O ‘‘respeito’’ dos cartórios ao regimento de custas da Corregedoria foi anunciado ontem pelo delegado regional da Sunab, Moacir Peralta. Ele divulgou uma tabela mostrando que a fiscalização feita pelo órgão provocou quedas variáveis entre 0,58% e 77,92% nos serviços praticados. O que Peralta não sabia é que os preços de tabela valeram apenas até os fiscais voltarem as costas aos cartórios.
Ontem à tarde, a Folha telefonou para seis dos 12 cartórios fiscalizados pela Sunab e a cada um perguntou o preço de um serviço. Apenas um dos cartórios consultados - o do Uberaba - informou o mesmo preço declarado à Sunab: está cobrando R$ 7,98 por escritura sem valor declarado.
Três cartórios que informaram à Sunab estar cobrando R$ 10,78 pelo mesmo serviço cobram, na verdade, bem mais. No Tabelionato Vianna, a escritura custa R$ 70,00. No Cartório do Bacacheri, R$ 60,00 e no Laporte, entre R$ 30,00 e R$ 60,00.

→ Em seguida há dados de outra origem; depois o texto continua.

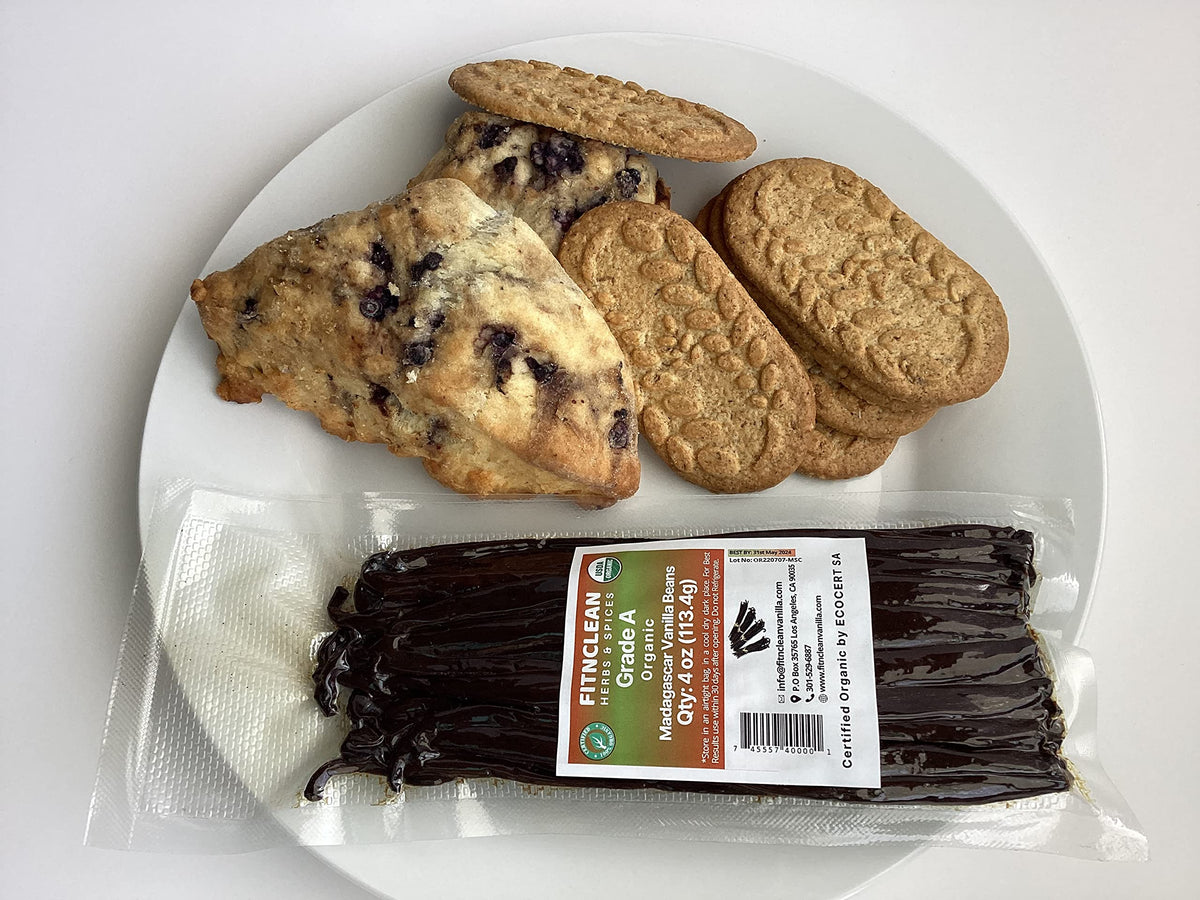 4oz Organic Madagascar Vanilla Beans Grade A. Certified USDA Organic. 6"-8" by FITNCLEAN VANILLA. Bulk for Extract, Cooking and Baking by the Weight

Outro exemplo: o Tabelionato Giovanetti, que na tabela da Sunab aparece cobrando R$ 2,31 por uma certidão de procuração, na verdade cobra R$ 5,00. O mesmo serviço custa R$ 15,00 no Tabelionato Motta, que à Sunab também declarou cobrar R$ 2,31.
Informado das distorções, o delegado da Sunab disse que vai denunciar os infratores à Corregedoria de Justiça e autuá-los, com multas que podem variar de de R$ 136,00 a R$ 182 mil.

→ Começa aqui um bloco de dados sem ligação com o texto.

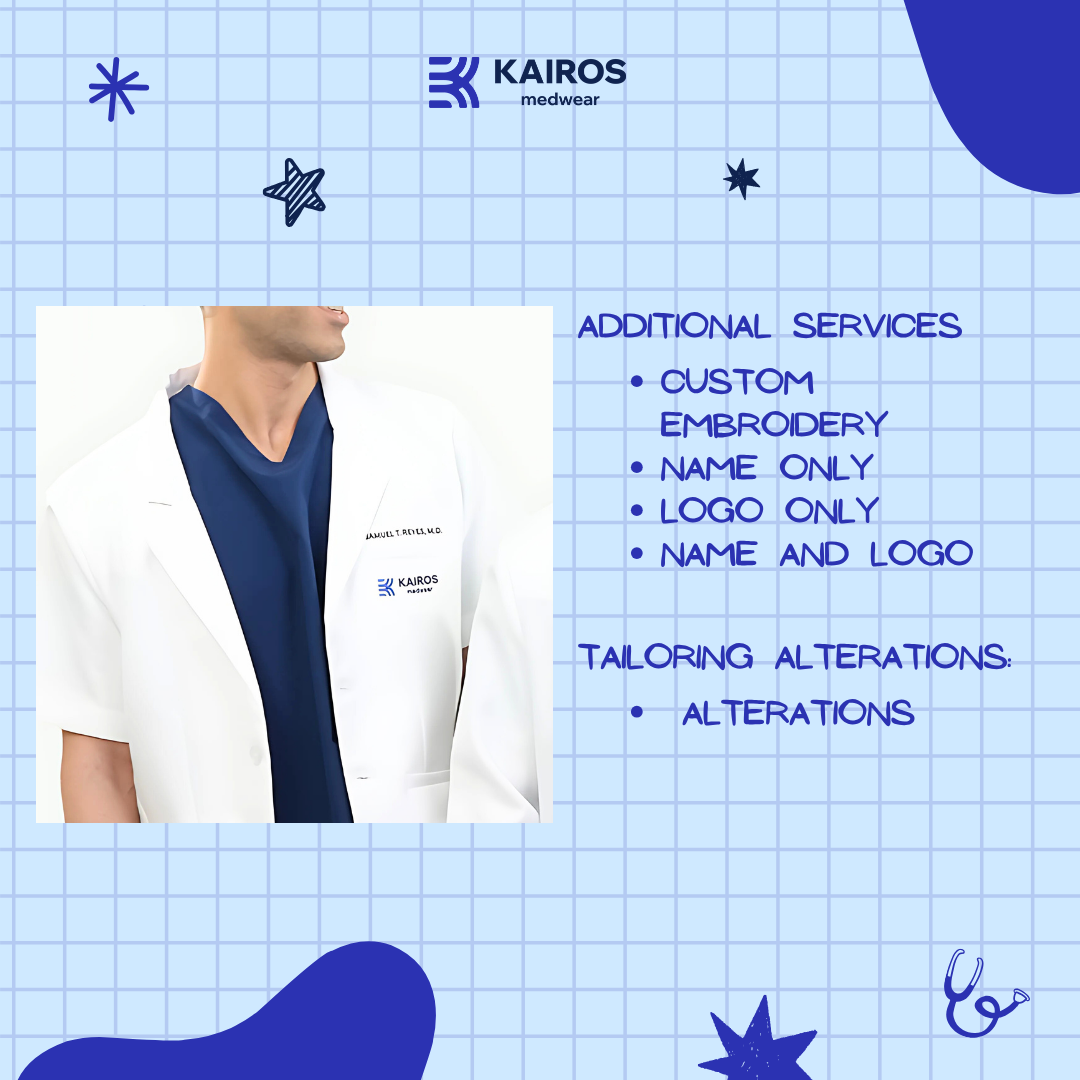 [NO EMBROIDERY] KAIROS Buttoned up Laboratory Doctor's Gown With/No BACKTACK Katrina White Fabric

O juiz Sigurd Roberto Bengtsson, auxiliar da Corregedoria, disse que o cartório que não respeita o regimento de custas está sujeito a processo administrativo. Se condenado, deve pagar a diferença à parte lesada. ‘‘O problema é que muita gente reclama, mas não denuncia’’, afirma.

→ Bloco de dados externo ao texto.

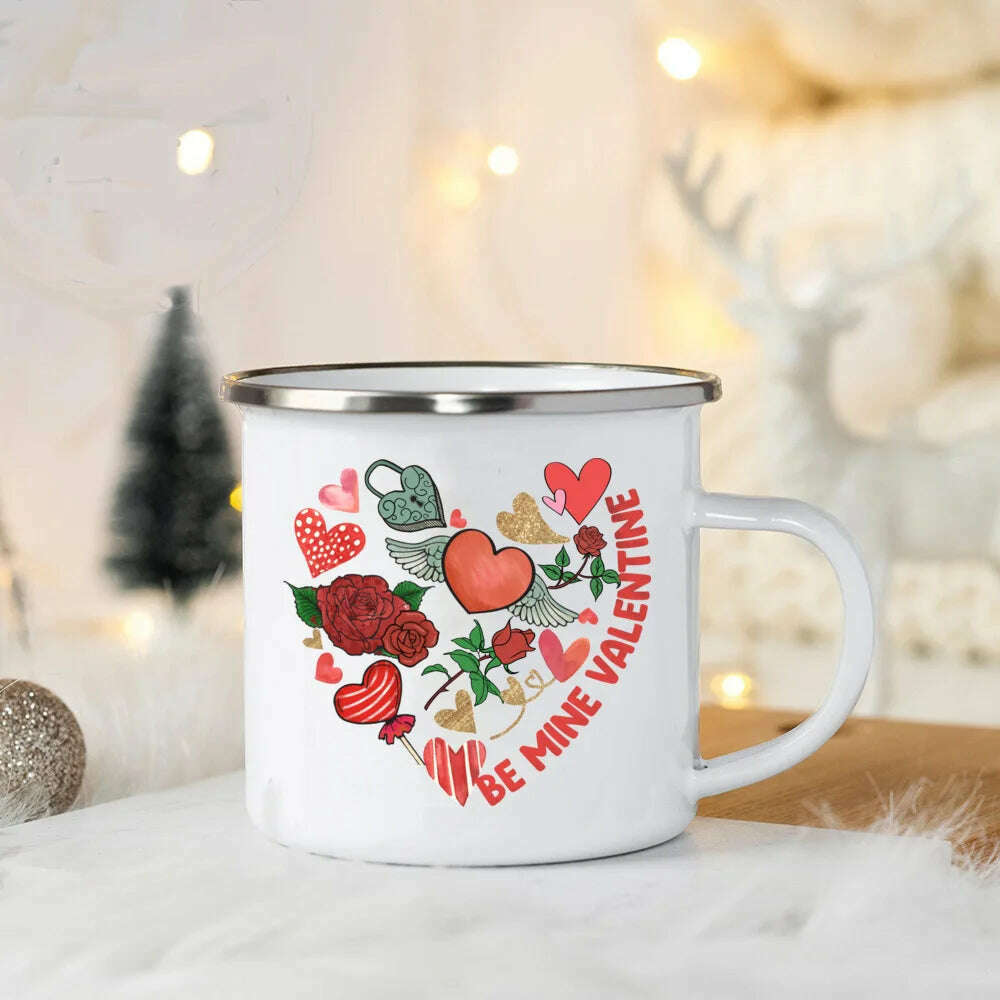 You Are So Loved Print Coffee Mug Valentine Enamel Mugs Valentine's Party Wine Juice Cups Valentine Cup Present for Her/ Family, UXH369479-A015WH-8 / 360ml, KIMLUD Women's Clothes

Delegações do poder público, os cartórios sempre foram considerados ‘‘minas de dinheiro’’. Embora a delegação deva ser precedida de concurso público, sempre houve comentários sobre favorecimentos políticos. Uma lei federal recente procura moralizar o setor, acabando, por exemplo, com a passagem dos cartórios de pai para filho. Segundo Bengtsson, no Paraná a implantação da lei depende de regulamentação pela Assembléia Legislativa.